Portugal tem duas constituições. A Constituição da República Portuguesa (CRP), que fixa os limites da legalidade. E uma Constituição oculta e não-escrita que determina, desde a fundação do regime, os critérios da legitimidade política. O que consta dessa Constituição não-escrita? Quatro simples princípios. [princípio 1.º] O PS é o guardião do regime e defender o regime é defender o PS. [princípio 2.º] Portugal é de todos mas o Estado é dos socialistas, pelo que só a estes se pode confiar a administração pública. [princípio 3.º] A legitimidade vale mais do que a legalidade – e, por isso, sempre que o respeito do normal funcionamento das instituições democráticas for prejudicial aos seus interesses, o PS pode agir fora do quadro institucional. [princípio 4.º] A única sociedade livre é a que depende do Estado e, consequentemente, do PS.
Em suma, esta Constituição não-escrita indica-nos que, independentemente do quadro institucional vigente, quem manda é o PS – governem ou não, são os socialistas quem decreta as prioridades do país, quem detém a legitimidade, quem avalia a legalidade, quem controla os rumos políticos da nação.
Incompatível com o programa de ajustamento, essa Constituição não-escrita está, desde 2011, suspensa (o que não significa que esteja totalmente erradicada).

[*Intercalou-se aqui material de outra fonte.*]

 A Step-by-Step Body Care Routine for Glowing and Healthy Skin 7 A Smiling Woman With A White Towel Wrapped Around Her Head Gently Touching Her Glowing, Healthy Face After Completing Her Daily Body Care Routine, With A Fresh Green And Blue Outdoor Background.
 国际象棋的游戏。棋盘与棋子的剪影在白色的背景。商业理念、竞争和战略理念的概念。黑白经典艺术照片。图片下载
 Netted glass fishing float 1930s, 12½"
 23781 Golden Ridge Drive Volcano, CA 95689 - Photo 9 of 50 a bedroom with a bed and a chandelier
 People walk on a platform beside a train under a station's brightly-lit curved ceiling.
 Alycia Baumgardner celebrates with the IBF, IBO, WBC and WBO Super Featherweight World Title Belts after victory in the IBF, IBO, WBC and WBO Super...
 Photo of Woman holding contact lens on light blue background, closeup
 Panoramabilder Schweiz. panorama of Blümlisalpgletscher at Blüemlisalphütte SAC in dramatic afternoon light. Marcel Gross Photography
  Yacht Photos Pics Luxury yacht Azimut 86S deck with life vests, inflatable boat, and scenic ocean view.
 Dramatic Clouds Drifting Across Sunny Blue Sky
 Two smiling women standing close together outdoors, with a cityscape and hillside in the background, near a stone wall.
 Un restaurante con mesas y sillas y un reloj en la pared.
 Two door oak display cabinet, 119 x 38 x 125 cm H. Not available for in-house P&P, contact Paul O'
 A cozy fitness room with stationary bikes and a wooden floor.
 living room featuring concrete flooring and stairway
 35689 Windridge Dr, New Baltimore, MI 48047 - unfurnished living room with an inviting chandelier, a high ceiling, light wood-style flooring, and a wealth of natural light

De resto, o próprio Mário Soares o assinalou, ao afirmar que vivemos numa ditadura “sem se perceber que é uma ditadura”. Claro – ditadura é, por definição, a suspensão da ordem constitucional e ninguém poderia perceber tratando-se de uma constituição oculta. Ninguém lhe prestou atenção. Mas o aviso estava feito: atravessamos um período de interregno constitucional. Agora, sem troika a tapar o caminho, a prioridade socialista é só uma: a reposição da ordem constitucional.
Essa é a missão que Soares depositou em António Costa. Por isso, não importa o que pensa o presidente da Câmara de Lisboa ou o que o distingue ideologicamente de António José Seguro. Isso não tem importância nenhuma. Só interessa mesmo a legitimidade natural que, por caridade mediática, todos lhe parecem reconhecer. Até porque, já se lê por aí, Seguro atraiçoou o partido – terá aceitado negociar, de igual para igual, com o PSD, ou seja, o equivalente a acatar a suspensão desta Constituição não-escrita e a menorização do PS.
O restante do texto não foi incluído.